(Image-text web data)
+===+
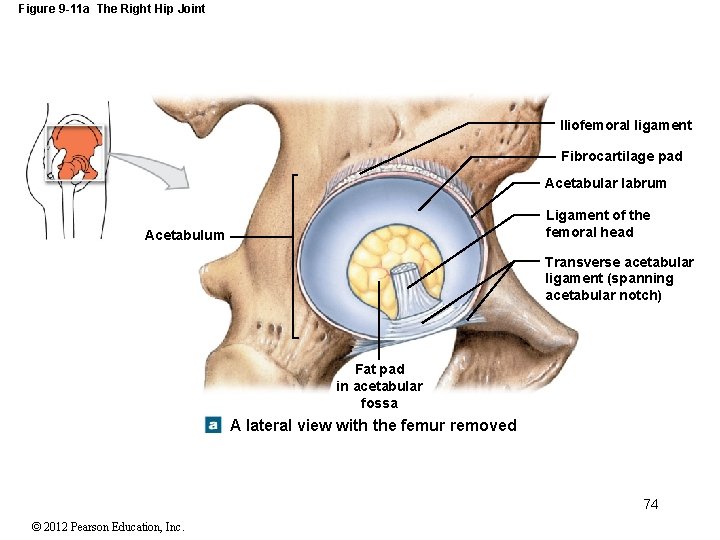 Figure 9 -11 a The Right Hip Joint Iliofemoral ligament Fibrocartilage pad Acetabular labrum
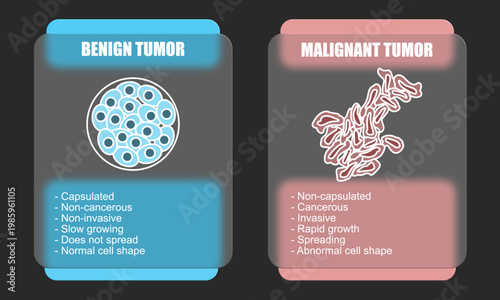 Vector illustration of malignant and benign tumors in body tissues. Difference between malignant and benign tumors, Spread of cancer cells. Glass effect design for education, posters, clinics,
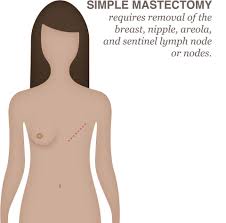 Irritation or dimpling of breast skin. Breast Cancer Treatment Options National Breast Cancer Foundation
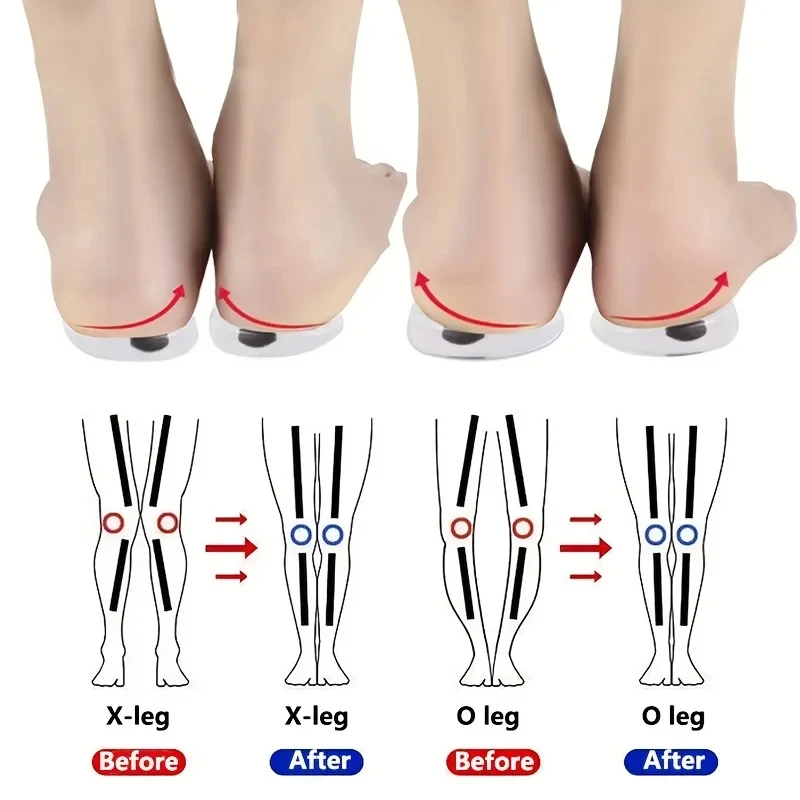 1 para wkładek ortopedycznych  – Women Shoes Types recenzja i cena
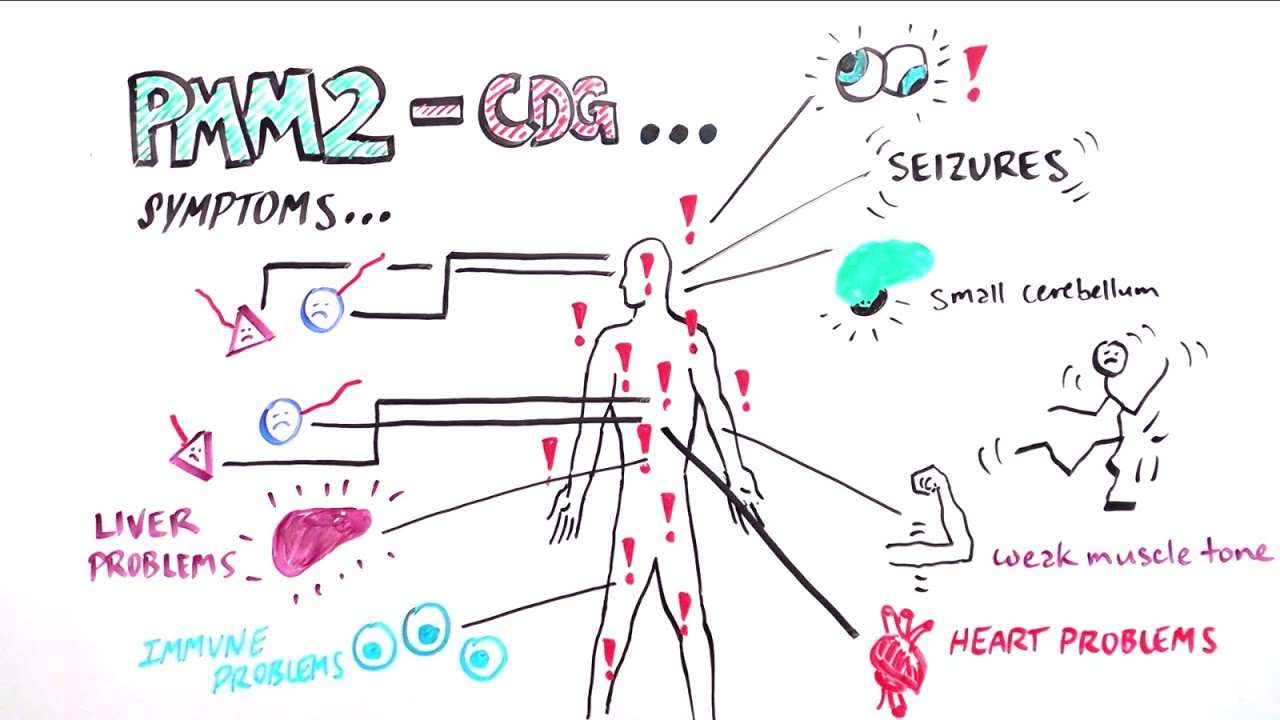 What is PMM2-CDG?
+===+
• EXERCISE:
All entries should be reproduced exactly; no picture belongs in the result.

• OUTPUT FOR THIS EXERCISE:
 Figure 9 -11 a The Right Hip Joint Iliofemoral ligament Fibrocartilage pad Acetabular labrum
 Vector illustration of malignant and benign tumors in body tissues. Difference between malignant and benign tumors, Spread of cancer cells. Glass effect design for education, posters, clinics,
 Irritation or dimpling of breast skin. Breast Cancer Treatment Options National Breast Cancer Foundation
 1 para wkładek ortopedycznych  – Women Shoes Types recenzja i cena
 What is PMM2-CDG?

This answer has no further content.